Exercise description: In the records below, the relevant part opens with the line containing "A NORTH ITALIAN" and closes with the line containing "La princesse Anne"; print that part exactly and only, without its pictures.

Data extracts:
□ □ □ □ □

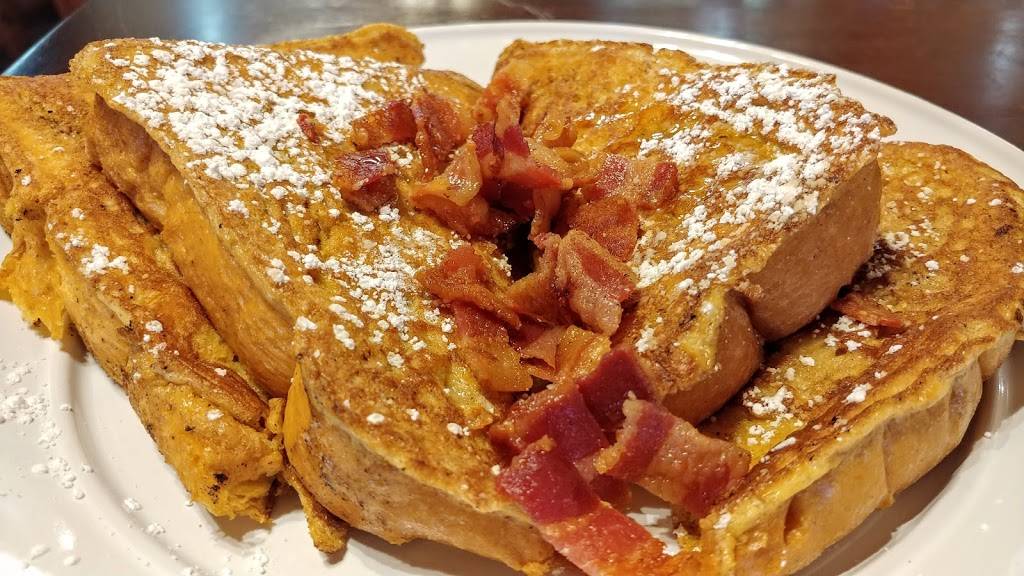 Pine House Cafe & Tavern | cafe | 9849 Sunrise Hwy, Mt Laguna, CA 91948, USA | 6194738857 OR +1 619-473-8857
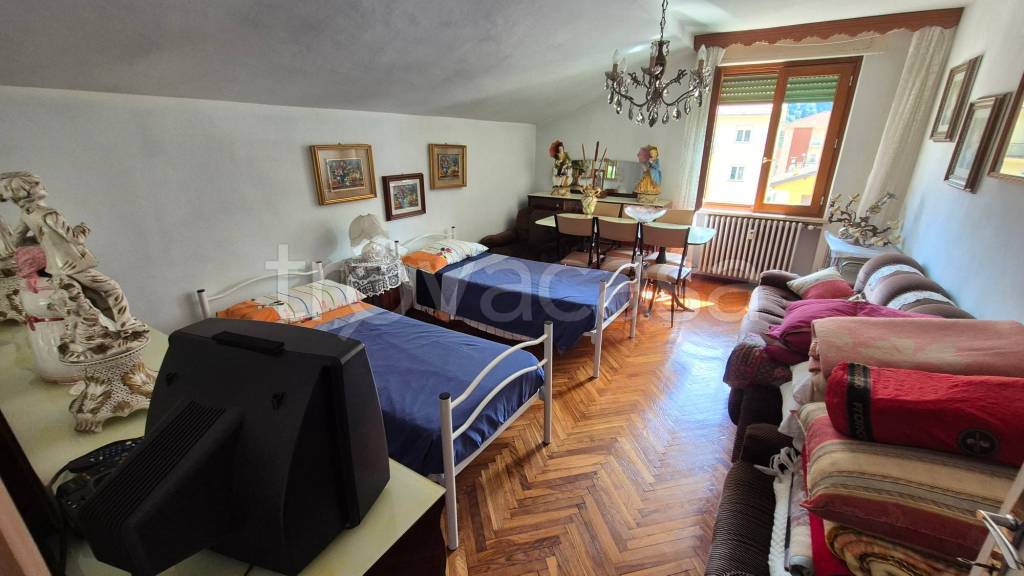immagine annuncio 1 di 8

□ □ □ □ □

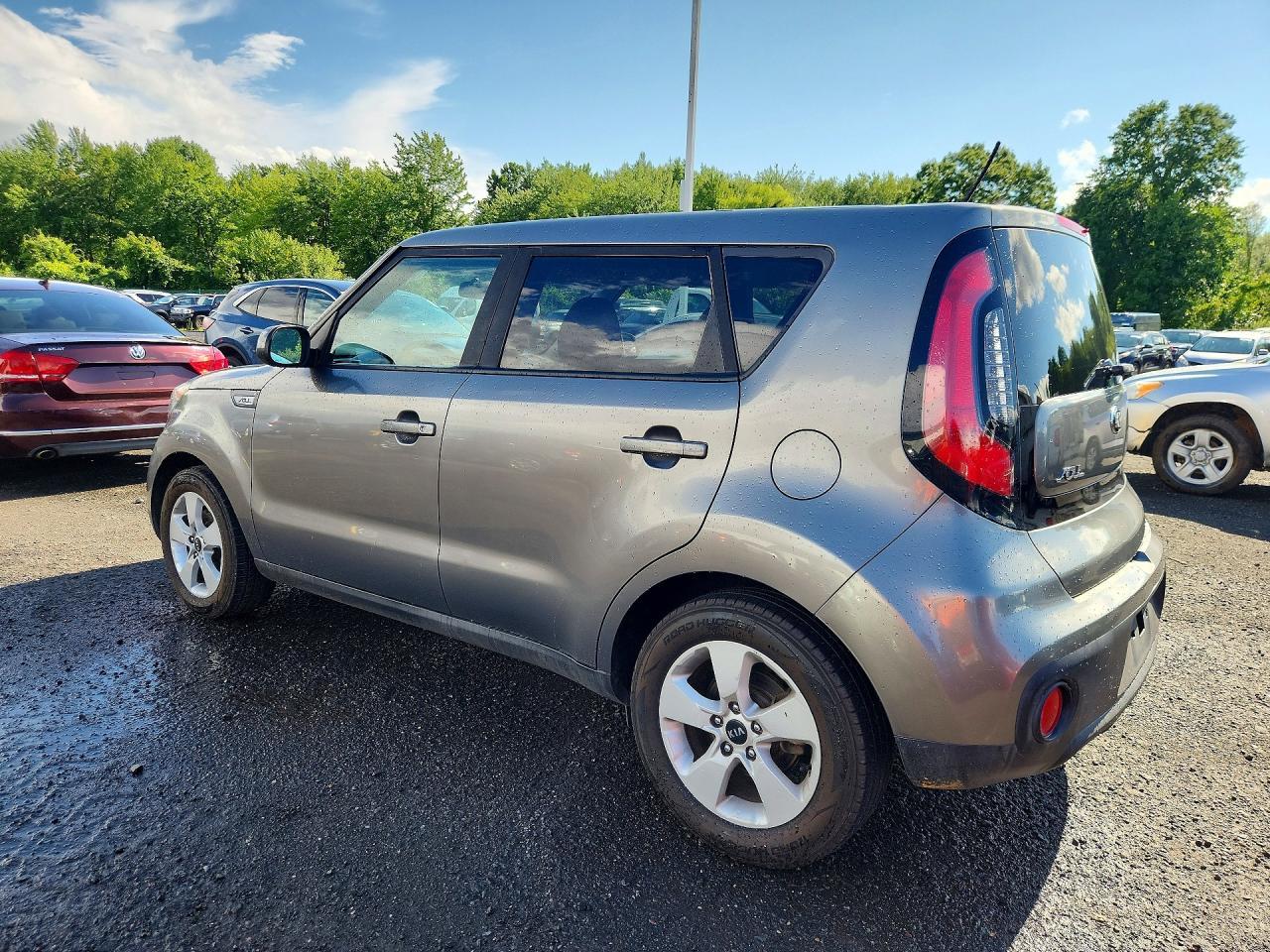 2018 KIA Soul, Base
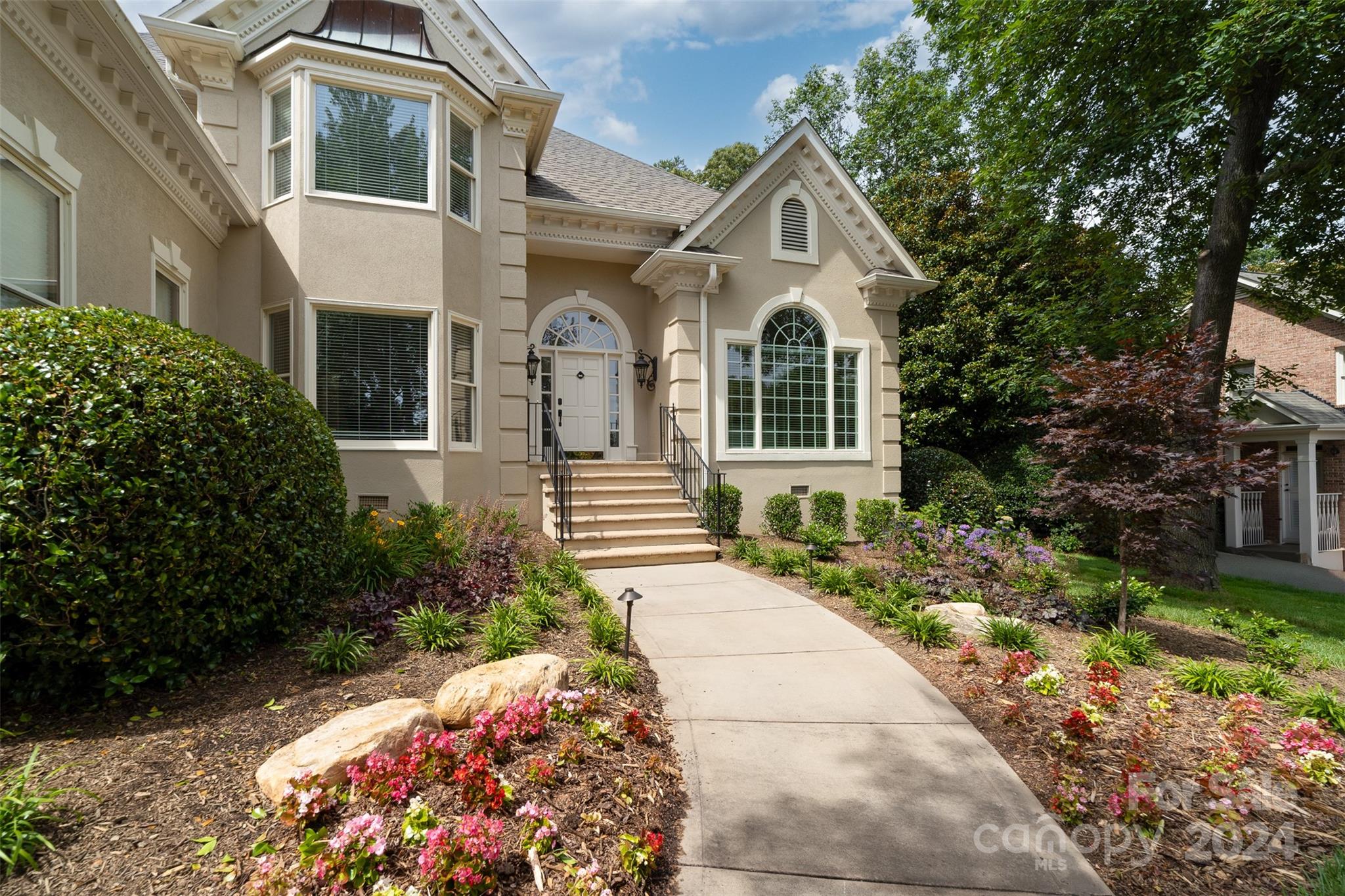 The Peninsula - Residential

□ □ □ □ □

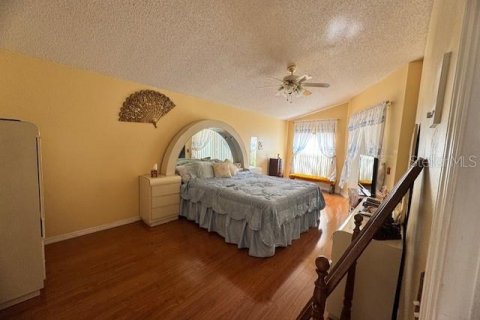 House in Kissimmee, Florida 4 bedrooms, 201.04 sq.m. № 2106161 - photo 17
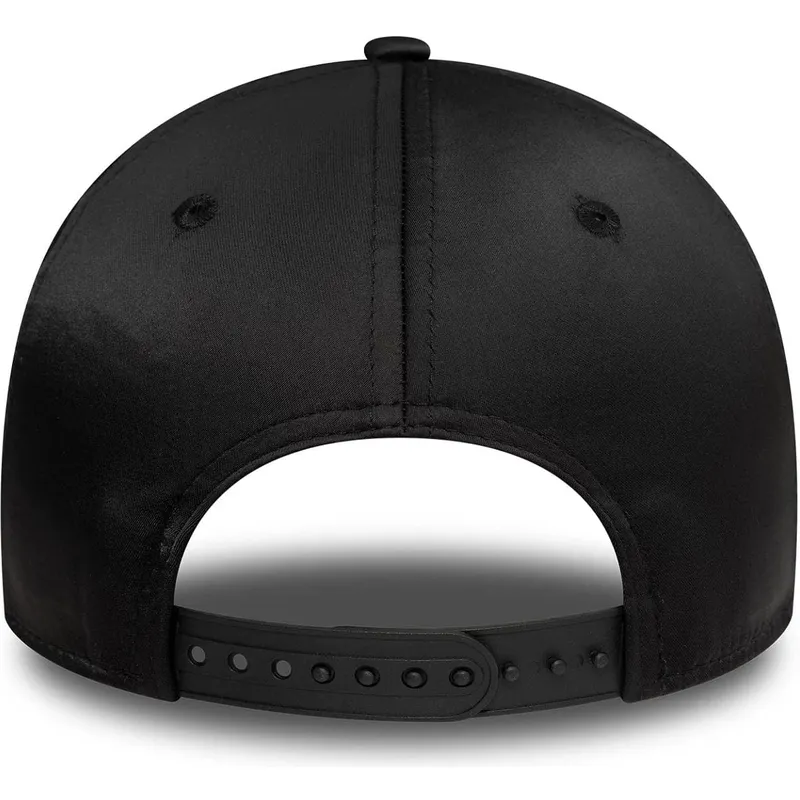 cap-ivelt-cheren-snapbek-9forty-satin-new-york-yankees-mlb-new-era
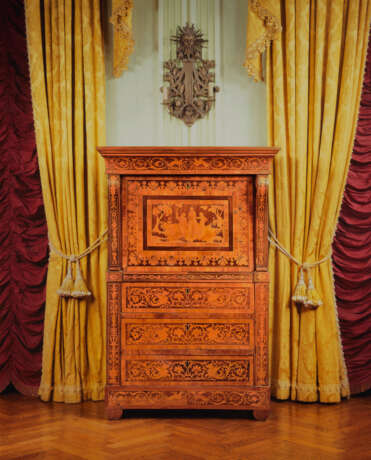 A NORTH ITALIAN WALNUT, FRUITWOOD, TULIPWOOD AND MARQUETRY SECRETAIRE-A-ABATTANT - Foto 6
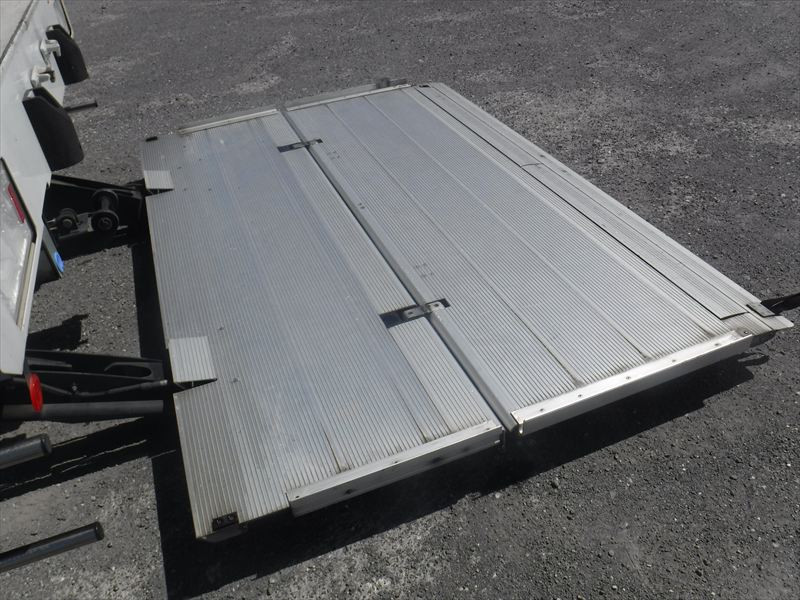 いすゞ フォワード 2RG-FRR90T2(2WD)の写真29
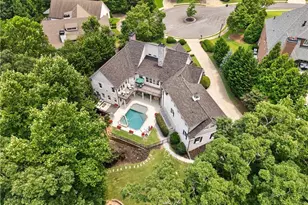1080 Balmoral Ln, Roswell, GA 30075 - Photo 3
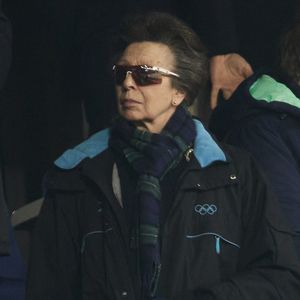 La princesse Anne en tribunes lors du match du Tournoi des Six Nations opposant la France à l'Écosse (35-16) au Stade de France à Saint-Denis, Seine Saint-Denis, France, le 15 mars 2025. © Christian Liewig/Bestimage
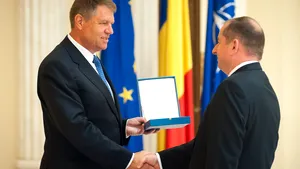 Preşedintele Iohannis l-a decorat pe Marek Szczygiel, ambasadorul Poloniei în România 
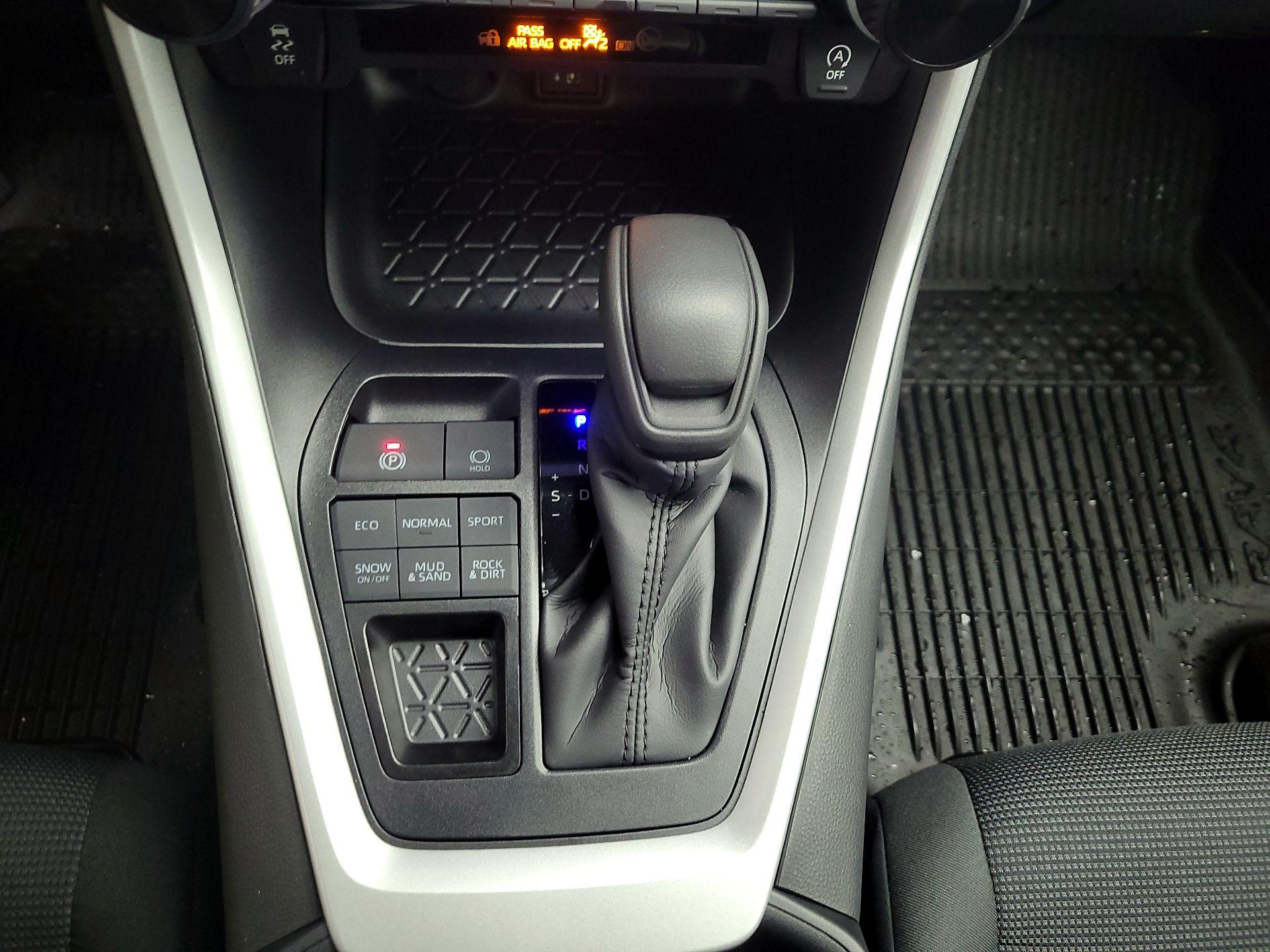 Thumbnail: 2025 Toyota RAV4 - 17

□ □ □ □ □

Solved problem:
 A NORTH ITALIAN WALNUT, FRUITWOOD, TULIPWOOD AND MARQUETRY SECRETAIRE-A-ABATTANT - Foto 6
 いすゞ フォワード 2RG-FRR90T2(2WD)の写真29
1080 Balmoral Ln, Roswell, GA 30075 - Photo 3
 La princesse Anne en tribunes lors du match du Tournoi des Six Nations opposant la France à l'Écosse (35-16) au Stade de France à Saint-Denis, Seine Saint-Denis, France, le 15 mars 2025. © Christian Liewig/Bestimage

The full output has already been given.